O Lord of SriRangam. When I have the soul-filling experience of calling you by your your holy names like, “O Achuta, the one with the body like the great green mountain, the one with lotus eyes and coral coloured lips; O Lord of the divines and the leader of the cowherd race” I don’t desire even the overlordship of even Indra Loka if offered to me.
The above song forms part of Thirumaalai, sung by Thondaradipodi Alwar, one of the twelve Alwars, the haloed group of ananya bhakthas of Lord Vishnu. Thirumaalai contains forty-five pasurams and is acclaimed with a pun on the word “Thirumaal” as “திருமாலை அறியாதார், திருமாலை அறியாதார்”(One who has not learnt Thirumalai does not know Thirumal). The background events leading to this composition is the reason he is named a prodigal ananya bhaktha.
Alwar’s original name was Vipranarayanan. He had a beautiful flower garden in Srirangam, where he used to grow flowers which he gathered with care, and wove into garlands for Lord Ranganatha of Srirangam. He was a bachelor and he stayed in a little hut in the garden. He was an ananya bhaktha of the Lord and had no interest in other people or their affairs. One day two sisters, both of them temple dancers were passing by the side of the flower garden, when the younger of the two, by name Devadevi, stopped by to admire the well-kept beautiful garden. As she was going through the garden, she saw Vipranarayanan working in the garden blissfully oblivious of the surrounding. Even when she paused before him deliberately, he did not take notice of her. As a woman who takes pride in her beauty, she is not used to such indifference from young men.

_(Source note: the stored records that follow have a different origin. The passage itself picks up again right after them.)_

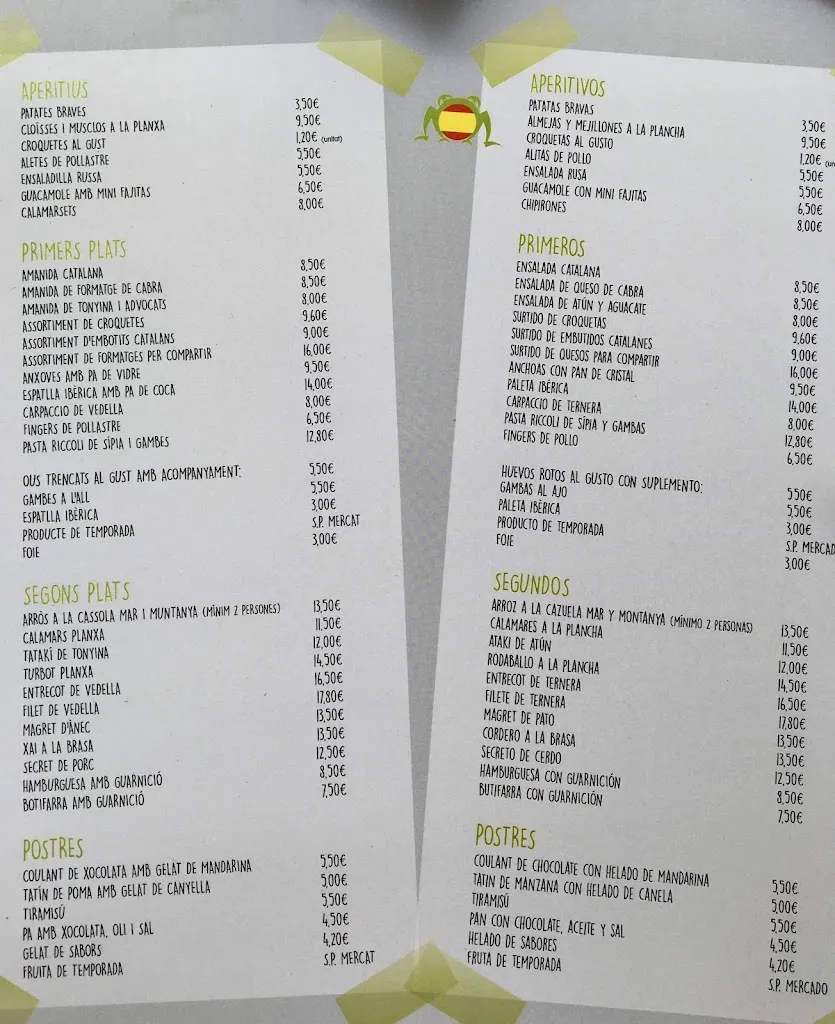 Menu_Escalipatxo_Bisbal dEmpordà La_image_4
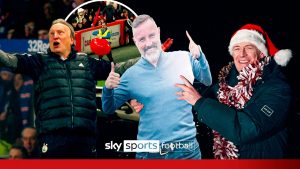 Kris Boyd contra Chris Sutton y Santa en el Celtic | Divertidas de la Premiership escocesa 2024
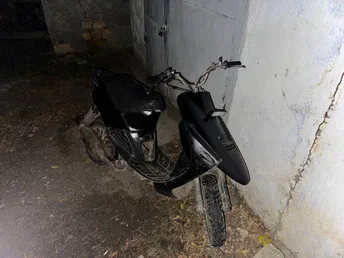 Suzuki Sepia 1991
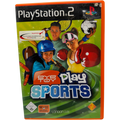 Eyetoy: Play Sports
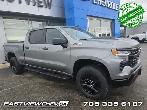 2026 Chevrolet Silverado 1500 LT Trail Boss - $496 B/W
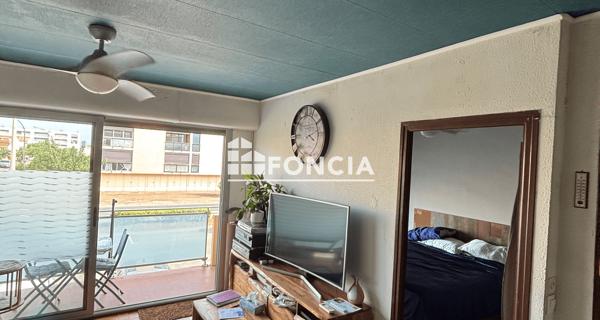 À vendre Appartement 3 pièces 50 m² - Port-la-nouvelle 11210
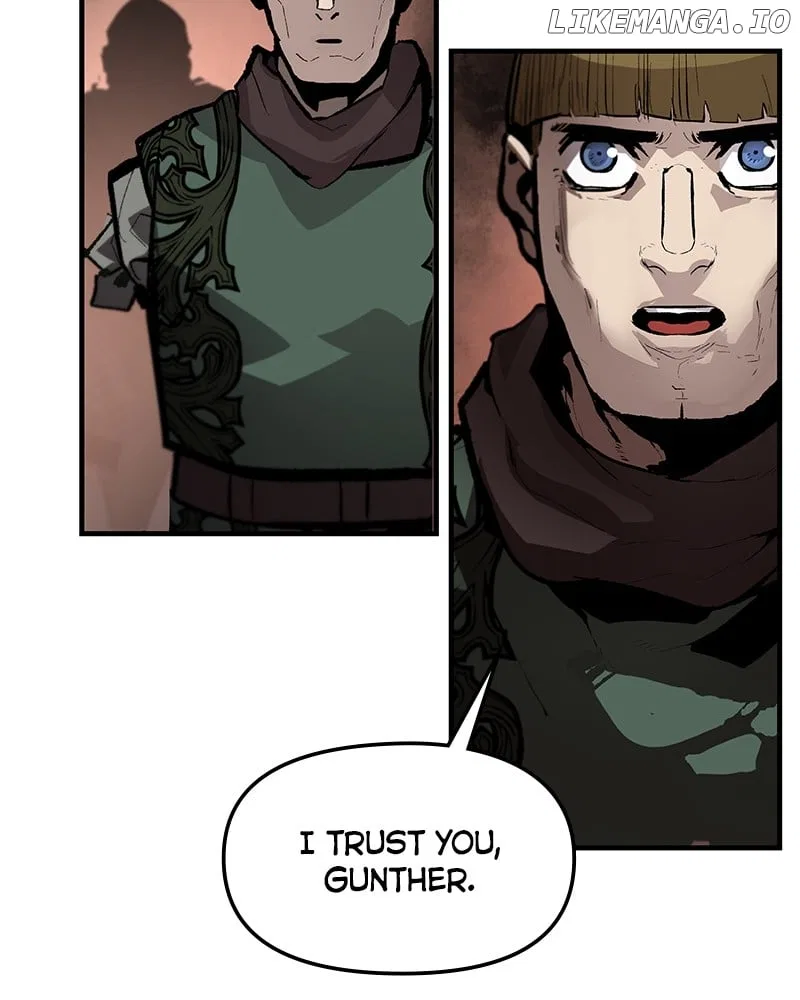 Dead Knight Gunther Chapter 84 – Page 85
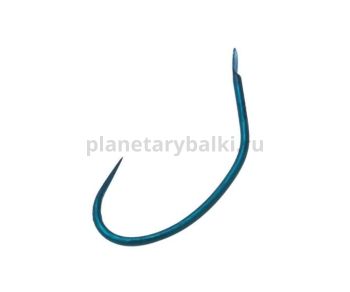 Крючок OWNER Amago BL blue №10, 17шт.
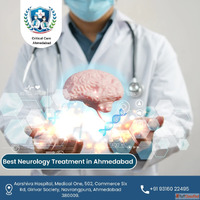 Neurology Treatment in Ahmedabad with Dedicated Patient Supp...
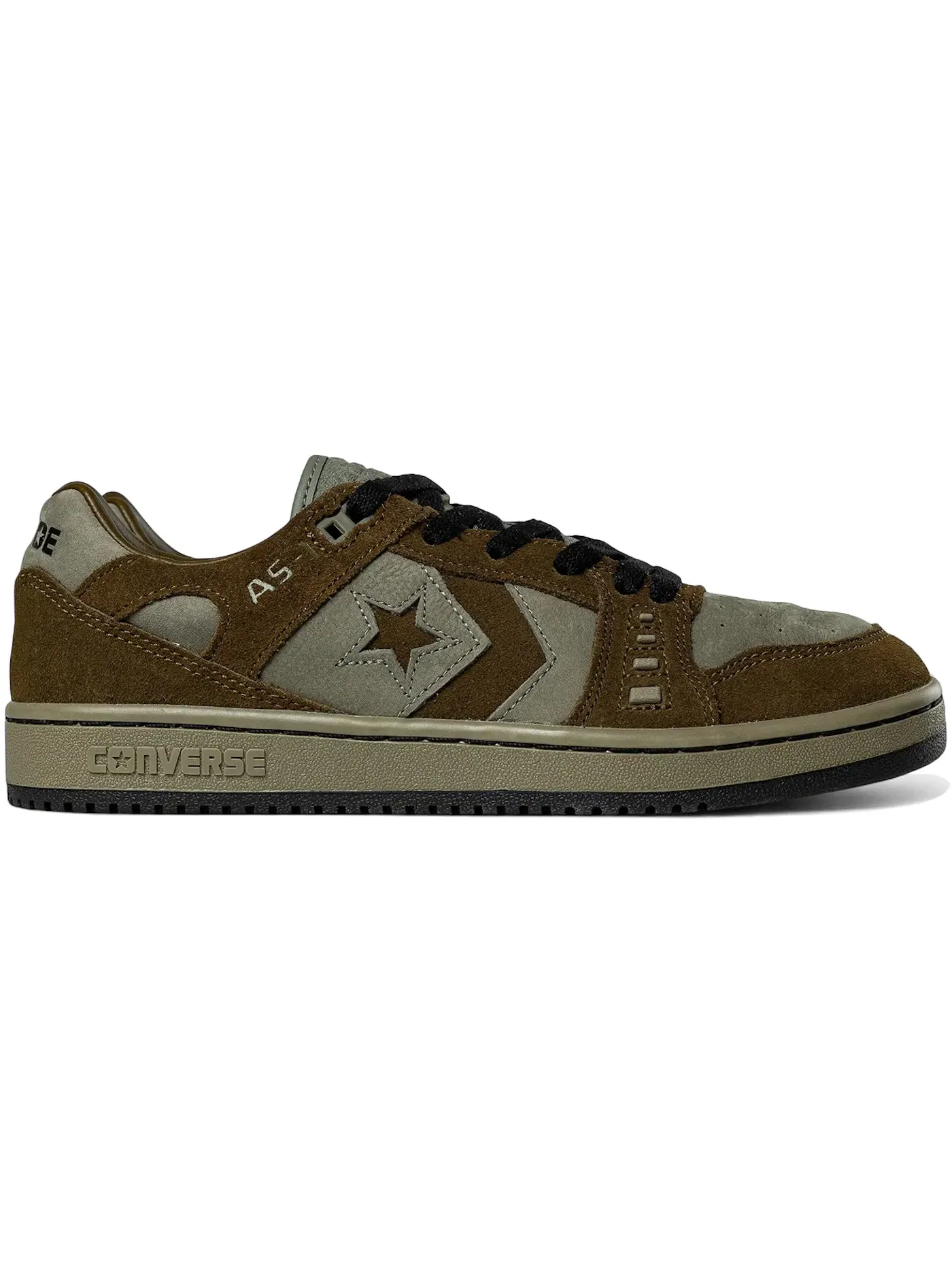 Мужские кроссовки Lifestyle Converse CONS AS-1 Pro SNEEZE Magazine — изображение 1 из 1, бежевый оливковый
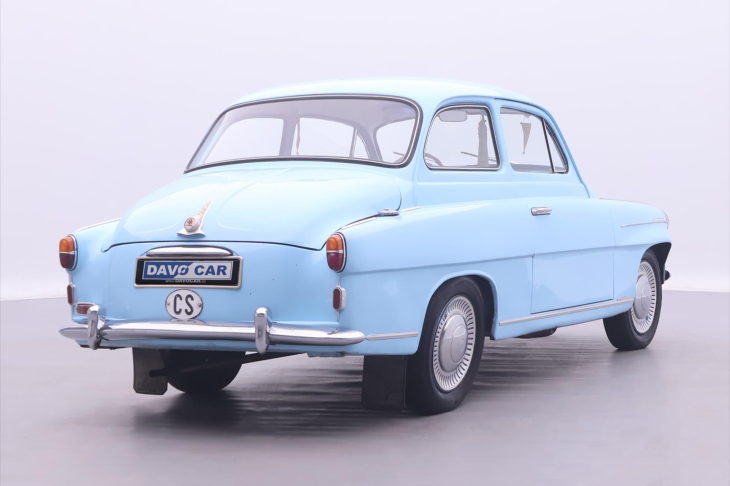 Škoda Ostatní 1,1 i 40kW CZ Spartak 440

She asked her sister about him and learnt he was Vipranarayanan who had eyes only for the Lord and no woman held any attraction for him. Then she took it as a challenge to make him not only notice her but also to make him her dasa as well, which she conveyed to her sister, who tried to dissuade her. But she failed and left. Devadevi dressed in a simple plain sari and wearing only a Tulasi mala, approached him and told him that she wanted to help him in pushpa kaingaryam and she would do it without in anyway disturbing him. An unsuspecting Vipranarayanan, taken in by her appearance and approach, gladly agreed. She also played her part truly, staying in the background and singing songs on Lord as she went about her work of tending the garden, picking the flowers and weaving the garland.
One day it rained heavily and she stood outside his hut without entering. Vipranarayanan who was doing Puja finished it and came out. He saw Devadevi standing outside the hut, completely drenched. When asked why she did not enter inside, she replied that she did not want to disturb his Puja. This impressed him all the more and he invited her inside the hut and gave his upper cloth for changing into. Changing into the ill-fitting attire, she turned on her full charm, which bowled him over completely. From then on Lord was forgotten and he became Devadevi dasa. Once Devadevi knew he had been hooked she left him stating she wanted to be with her mother. Unable to bear the pangs of separation from her, he followed her to her place.
Once he became attached to her, Devadevi lost interest in him as she had won the challenge. Her mother who was interested in his money only, allowed him to stay with them until he exhausted all his money and then turned him out. Vipranarayanan came to his hut heart-broken and still pining for Devadevi. That night a handsome young man knocked at the door of Devadevi’s house and introducing himself as Vipranarayanan’s disciple, he presented a golden vessel as sent by Vipranarayanan who would be calling on them later in the morning. Devadevi’s mother received it and looking forward to extract more such treasures from him, went to bed.
The next morning when the priests opened the temple doors they found a golden vessel used for Puja missing. They reported it to the king who sent his soldiers looking for it in all the houses. They found it in Devadevi’s house. It was the same vessel delivered by Vipranarayanan’s messenger to their house. When the soldiers learnt about it they went to Vipranarayanan’s place and arrested him. His pleas that he had no disciple and he knew nothing about the vessel went in vain and they put him in prison and reported to the king. The king who had known about Vipranarayanan’s devotion to Lord Ranganatha, was confused and postponed trying him to next day.
That night Lord appeared in King’s dream and told him that Vipranarayanan was innocent and that He only delivered the vessel to Devadevi’s house to help his devotee who was pining for her. Next morning the king himself went to the prison and released Vipranarayanan telling him about the dream and apologizing for suspecting such a great devotee of Lord. Vipranarayanan was deeply moved that Lord had not forgotten him while he has forgotten him totally in his infatuation for Devadevi. He went and prostrated before Lord Ranganatha and cried seeking forgiveness. It is then he sung the 45 pasurams of Thirumaalai in a mood of penitence. This and his only other composition, Thiruppalliezhuchchi figure in the first one thousand of Nalayira Divya Prabhandam, revered as Tamil Veda by Tengalai Vishnavites.
After this incident he returned to the fold of ananya bhakthas of the Lord never to stray again. As he worshipped all the bhaktas of Sri Vishnu and put the dust of their feet on his forehead, he was revered as Thondaradipodi Alwar.